Every record must be written out once more, with nothing added or omitted.

Available records Start Marker

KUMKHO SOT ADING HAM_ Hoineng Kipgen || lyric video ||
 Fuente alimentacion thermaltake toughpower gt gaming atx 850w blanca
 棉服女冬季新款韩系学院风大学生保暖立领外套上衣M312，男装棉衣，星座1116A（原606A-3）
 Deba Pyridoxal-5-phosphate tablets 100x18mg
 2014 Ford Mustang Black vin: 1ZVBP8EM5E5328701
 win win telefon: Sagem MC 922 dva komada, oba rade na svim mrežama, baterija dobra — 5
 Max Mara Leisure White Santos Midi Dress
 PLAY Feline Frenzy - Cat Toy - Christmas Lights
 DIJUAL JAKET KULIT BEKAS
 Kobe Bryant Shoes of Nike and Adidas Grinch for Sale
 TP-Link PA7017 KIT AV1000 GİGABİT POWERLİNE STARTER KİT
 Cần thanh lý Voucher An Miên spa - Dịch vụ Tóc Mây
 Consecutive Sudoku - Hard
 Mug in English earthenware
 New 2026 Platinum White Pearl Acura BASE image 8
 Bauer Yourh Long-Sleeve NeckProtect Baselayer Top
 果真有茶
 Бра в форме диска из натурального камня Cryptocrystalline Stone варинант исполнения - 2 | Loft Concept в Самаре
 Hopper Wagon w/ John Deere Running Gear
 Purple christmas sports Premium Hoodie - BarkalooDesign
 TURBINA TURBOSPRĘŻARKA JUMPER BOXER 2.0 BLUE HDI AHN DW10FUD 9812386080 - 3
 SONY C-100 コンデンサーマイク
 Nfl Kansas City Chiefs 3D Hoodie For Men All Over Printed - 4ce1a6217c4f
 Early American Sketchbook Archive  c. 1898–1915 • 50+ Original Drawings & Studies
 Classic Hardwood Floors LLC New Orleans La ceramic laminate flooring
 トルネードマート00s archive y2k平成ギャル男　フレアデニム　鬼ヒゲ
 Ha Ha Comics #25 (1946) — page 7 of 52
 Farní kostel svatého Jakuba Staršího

Available records End Marker

• [Exercise output]
KUMKHO SOT ADING HAM_ Hoineng Kipgen || lyric video ||
 Fuente alimentacion thermaltake toughpower gt gaming atx 850w blanca
 棉服女冬季新款韩系学院风大学生保暖立领外套上衣M312，男装棉衣，星座1116A（原606A-3）
 Deba Pyridoxal-5-phosphate tablets 100x18mg
 2014 Ford Mustang Black vin: 1ZVBP8EM5E5328701
 win win telefon: Sagem MC 922 dva komada, oba rade na svim mrežama, baterija dobra — 5
 Max Mara Leisure White Santos Midi Dress
 PLAY Feline Frenzy - Cat Toy - Christmas Lights
 DIJUAL JAKET KULIT BEKAS
 Kobe Bryant Shoes of Nike and Adidas Grinch for Sale
 TP-Link PA7017 KIT AV1000 GİGABİT POWERLİNE STARTER KİT
 Cần thanh lý Voucher An Miên spa - Dịch vụ Tóc Mây
 Consecutive Sudoku - Hard
 Mug in English earthenware
 New 2026 Platinum White Pearl Acura BASE image 8
 Bauer Yourh Long-Sleeve NeckProtect Baselayer Top
 果真有茶
 Бра в форме диска из натурального камня Cryptocrystalline Stone варинант исполнения - 2 | Loft Concept в Самаре
 Hopper Wagon w/ John Deere Running Gear
 Purple christmas sports Premium Hoodie - BarkalooDesign
 TURBINA TURBOSPRĘŻARKA JUMPER BOXER 2.0 BLUE HDI AHN DW10FUD 9812386080 - 3
 SONY C-100 コンデンサーマイク
 Nfl Kansas City Chiefs 3D Hoodie For Men All Over Printed - 4ce1a6217c4f
 Early American Sketchbook Archive  c. 1898–1915 • 50+ Original Drawings & Studies
 Classic Hardwood Floors LLC New Orleans La ceramic laminate flooring
 トルネードマート00s archive y2k平成ギャル男　フレアデニム　鬼ヒゲ
 Ha Ha Comics #25 (1946) — page 7 of 52
 Farní kostel svatého Jakuba Staršího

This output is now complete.